Fall Into You: A Brother’s Best Friend Romantic Comedy is the quintessential holiday romantic comedy; modern, cozy, and steamy at times too. A short yet engaging read, this book is perfect for fans of Hallmark movies and made-for-TV holiday classics. Know what you’re getting with this, though; it’s no The Notebook or The Fault In Our Stars.
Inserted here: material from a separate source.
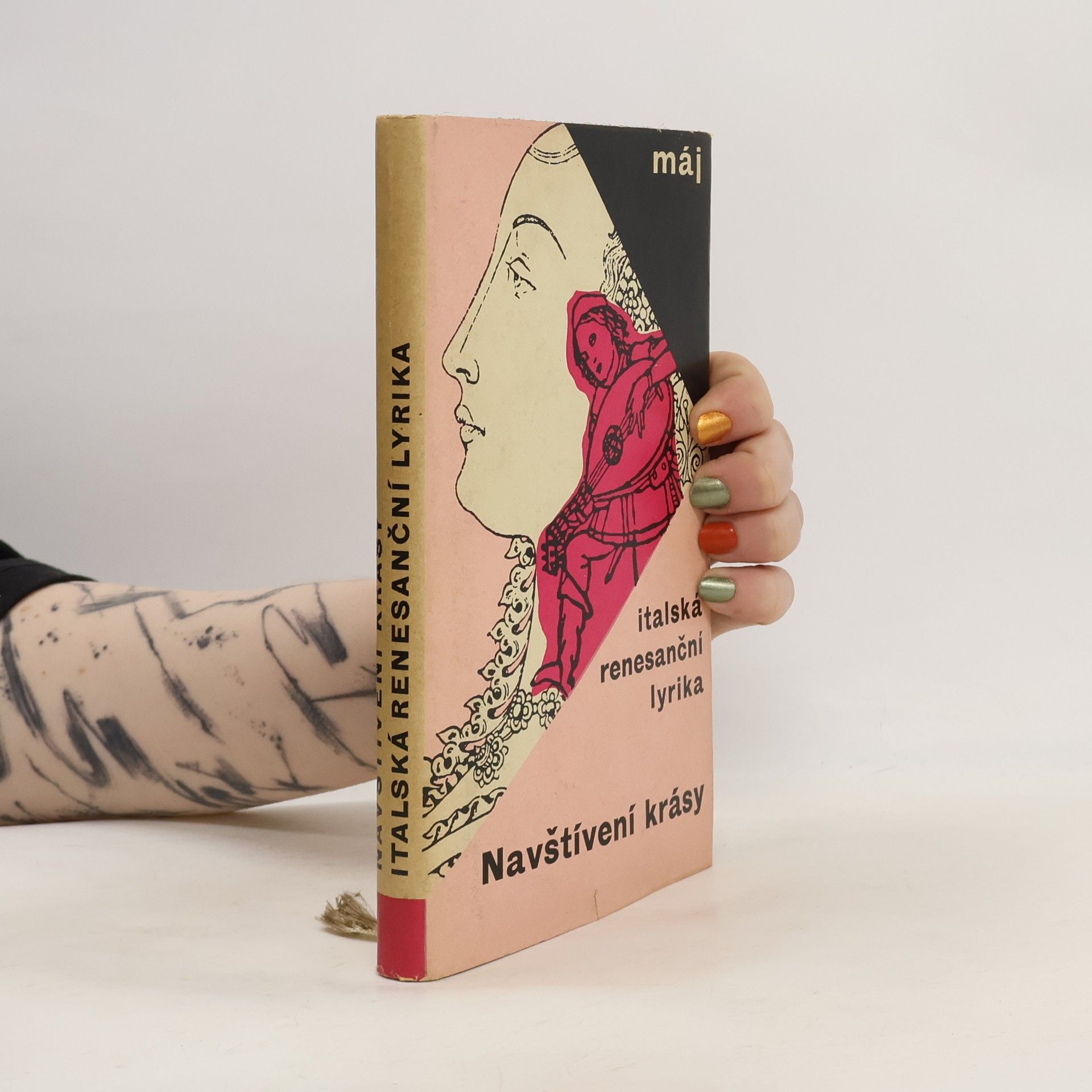 Navštívení krásy. Italská renesanční lyrika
It’s not bad by any means, just don’t expect anything especially deep or groundbreaking. Think of it more like some light weekend entertainment, and you should get exactly what you want out of this book.
Scoring
Overall: 67/100
Plot: 6.5/10
Dialogue: 5/10
Pacing: 8/10
Characters: 6/10
Settings: 7/10
Length: 310 pages
Maturity: Mature Adult
Reading Difficulty: Low
Point Of View: 1st person, switching
Spoilers below!
What I like
•It’s short and sweet!
More Detail
This book is just over 300 pages, including the epilogue and back matter. Yet, it almost never feels rushed or condensed down. It’s a great, bite-sized work of realistic fiction! It’s something that doesn’t require a large emotional investment like other, more complex reads. There’s even a recipe section included at the end! (I totally want to try the rosemary goat cheese potatoes)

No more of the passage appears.